Defining the Future of Publishing With New E-book Trends


The Book Expo America trade show was a graphic exampls ofbook publishing industry missing the real e-book revolution now underway. Yet even if Big Publishing doesn’t embrace e-books, there were some interesting examples of where technology is going and how it might impact reading in the near future.
This is a case where pictures can do more than words. Here’s a video I took at an iPad app product demo by Byook: The idea is to mix graphics, sound effects, music, and some simple animation with text to create a new and effective audience experience.
Any time the medium changes, so does the message. Sometimes you give something up — you couldn’t, for instance, create beautiful illuminated manuscripts with Gutenberg’s moveable type. On the other hand, you could mass-produce books and actually sell them at a profit.
In other cases, a new medium is so different from an older one — books and movies are a good example — that you literally can’t tell the same story in both. To Kill a Mockingbird was both a fine book and film, but each had its own sensibility.
The combinations that Byook is playing with suggest how e-books need to evolve, much the way the Internet has. Just think how people now laugh at the static and dull Web pages that companies put up in the mid-1990s.
To see something a bit more coherent about Byook, here’s a demo of the company’s version of a Sherlock Holmes title:
Another example comes from Medallion Press, which combines animated and interactive illustrations with a traditional story line.
As e-book technology, specifically the ePub standard, continues to advance, expect more publishers to combine different media — and expect the definition of publisher to change. This could be a natural move for many independent movie producers.

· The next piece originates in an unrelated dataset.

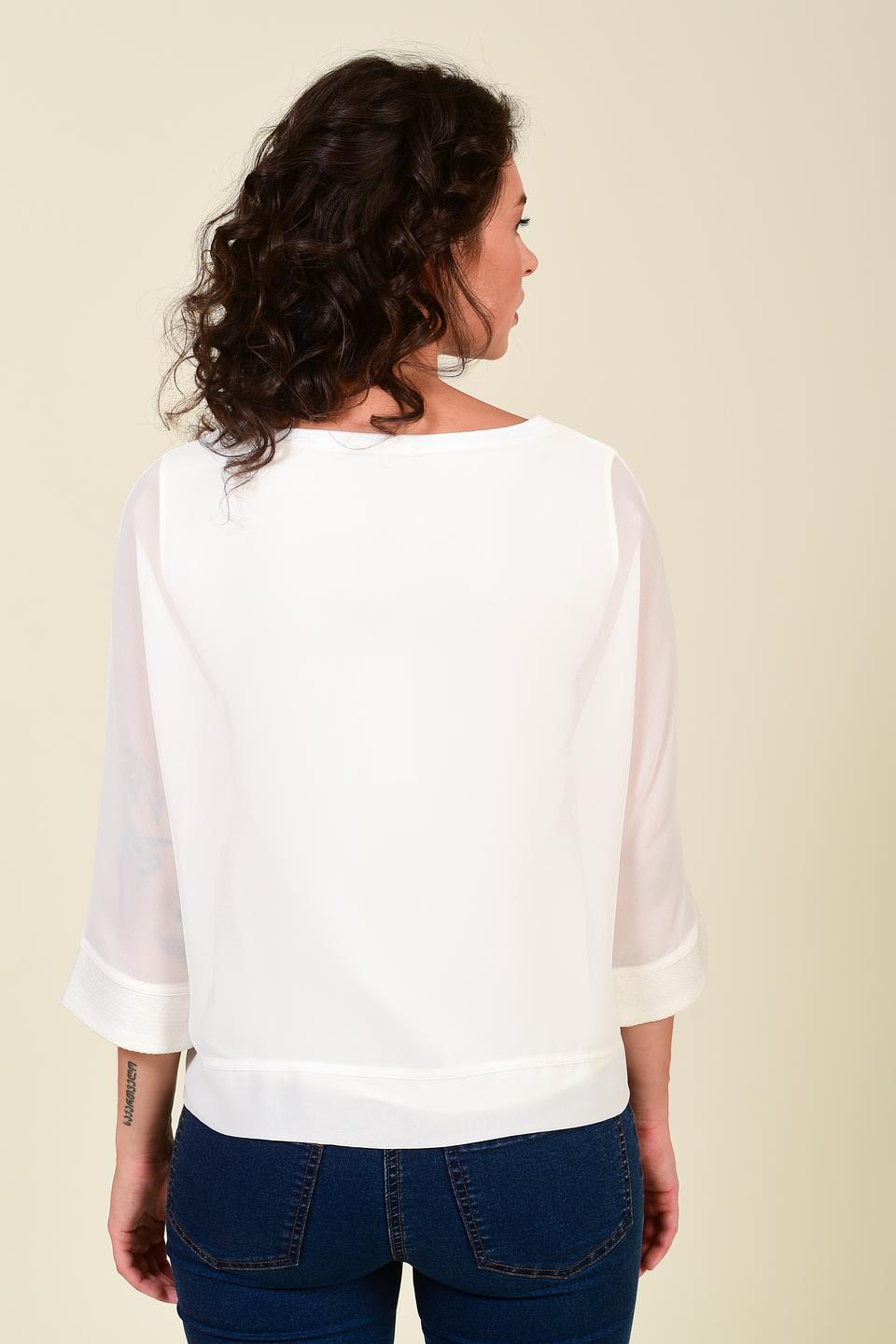 Блуза Pezzo с рукавом 3/4 белая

Companies are also trying to bring the experience of a signed copy to the e-book. No, you don’t wind up with scrawling all over your new Nook Color. Authography is a start-up trying to market its system to retailers — you buy the book, the retailer sends it to Authography, which inserts the signature and dedication, and then it makes its way back to you again.
There are plenty of challenges still to work through. Everyone, for instance, would have to coordinate with authors, who’d need to put dedications in their handwriting.
And then there are the e-readers themselves. What was interesting to learn is just how cheap these can get. One company, Aluratek, has a 7-inch color touchscreen e-reader with Wi-Fi for $150. And retailers sometimes run at-cost promotions with the company’s low-end B&W (non-touch) reader for $50.
The important thing, here, is not the particular vendors so much as what upstart companies are trying to achieve. The future will bring far cheaper reader hardware (full-feature tablets may have a hard time keeping pace) and more pizzazz as publishers all try to find a natural format for the medium.